# Which coconut oil?



## Kalne (Oct 25, 2007)

I've heard a nasty rumor that WalMart has increased the price of their coconut oil....from $3.12 to over $4! I haven't had a chance to check mine but I know I'm low and will need to buy some soon. I'll probably just order it from Columbus now. But then I have a choice....76 degree or 92. Do you prefer one over the other???


----------



## Guest (Jan 20, 2008)

I haven't noticed the price increase at our Wal-Mart yet, thankfully.

I use the 76 degree coconut oil from either Wal-Mart or Columbus Foods.

Sara


----------



## Sondra (Oct 25, 2007)

DUH didn't know there were degrees


----------



## Kalne (Oct 25, 2007)

Ack.....well, dh just confirmed that our WM did indeed go up. That's a 33% jump in price! I'm going to order from CF before his price goes up. *sigh* 

So, is the LouAnna stuff we get from WM 76 degree? I don't see where it says anything on the label.

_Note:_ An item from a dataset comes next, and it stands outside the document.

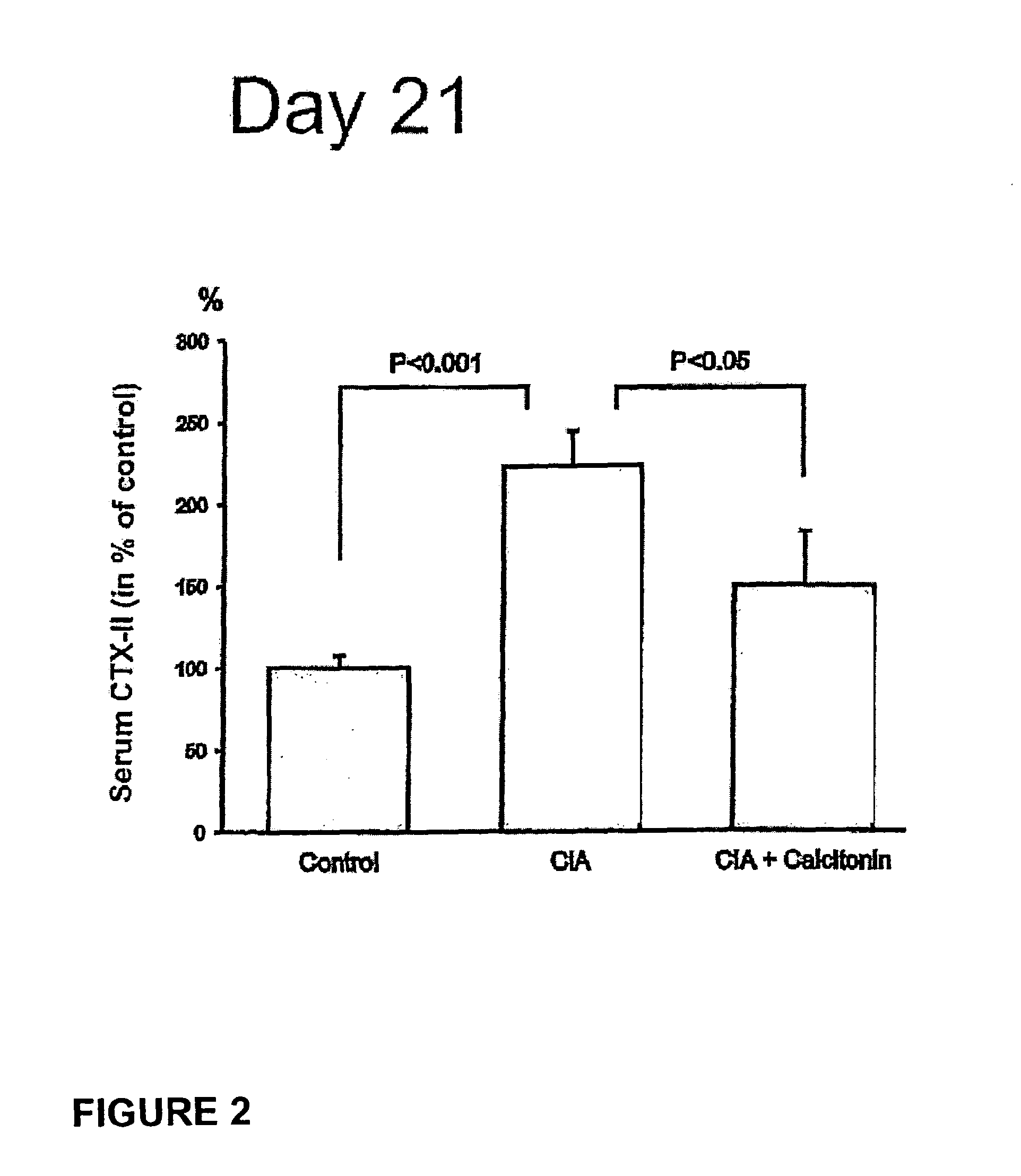 Use of Calcitonin for the Treatment of RA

Oh duh....came back to say that yeah, it's on the label. I just never noticed that before. So, I'll stick with what I've been using.


----------



## Narrow Chance (Oct 29, 2007)

Well I need to check prices on coconut at our Walmart. I was paying $2.82.. then it went up to $2.92. 
Guess I will buy it all out before the price increase. Looks like I am the only buyer at our Walmart.. :biggrin
What ticks me is that just when you get a source for something.. they quite selling it.. or it gets so high I can't afford it locally. 
Walmart was selling a solid shortening that was soybean and palm. It was the Mexican variety.. and it was cheaper than Crisco.. or anything else for that matter. Made the best soap.. man oh man. But.. guess what.. they discontinued it.. totally. From other Walmarts too.. sort of ticked me.

Thanks for the heads up!!

Rett


----------



## kidsngarden (Oct 28, 2007)

If it goes up here I will be buying at Brambleberry - they are only slightly higher per pound anyway if I buy 35 pounds. I don't have to pay to ship so that makes a difference for me. I do that half the time anyway...

Bethany


----------



## Guest (Jan 21, 2008)

Dang! You were right Kalne. Coconut Oil has increased in price at our Wal-Mart too... $4.36! :mad I was just there last week and it was $3.12. I should have grabbed a few extra containers when the price was decent. Oh well, I guess I have no choice but to buy it at Columbus Foods now.

Sara


----------



## Ravens Haven (Oct 26, 2007)

Big companies like Wal-mart, keep track of what items sell well, especially unusual products like coconut oil and if it sells a certain number then the prices go up and if it doesn't meet the number sold when the price went up then they have to do something so the price goes back down or they take it off the shelf. That is why I decided I better go with a supply company. 

Autumn


----------



## NubianSoaps.com (Oct 26, 2007)

Have any of you ever asked at your local grocery stores to purchase stuff in cases? I did my sunflower oil run the other day and got yet again the manager checking me out as I bought every single sunflower oil at his store. He asked me about this thinking the last time I did this I was frying a turkey in it  He is calling me tommorrow with a price per case that I can pick up in the store...already went the HEB route per case, and brother...I had to haul the suckers myself up the loading ramp to the parking lot! With my kroger card I can already beat the price without shipping from Mike, so I am hoping he is going to really give me a good price....plus I make a loop of 3 krogers when I go, so this will save me diesel also! vicki


----------



## Kalne (Oct 25, 2007)

WM is the only local store I've been able to buy from and they told me they wouldn't offer a case price. There is a Super Saver in Lincoln that I sometimes shop at. I should check with them. BUT it's not all that convenient. Though I guess dh could pick up for me on his way home from work. I just don't get there all that often and will not go into town just for one or two things as it's an hour round trip.


----------



## Halo-M Nubians (Oct 26, 2007)

I had noticed the price jump at WM also. Does anyone get coconut oil at cash and carry? we have one but I haven't managed to get in there yet and see what they have.


----------



## Aja-Sammati (Oct 26, 2007)

Our Cash & Carry doesn't carry coconut oil. But they do have pomace grade olive oil for $10-12 a gallon. They used to carry coconut popcorn oil, before I made soap, but it was colored yellow and contained preservatives.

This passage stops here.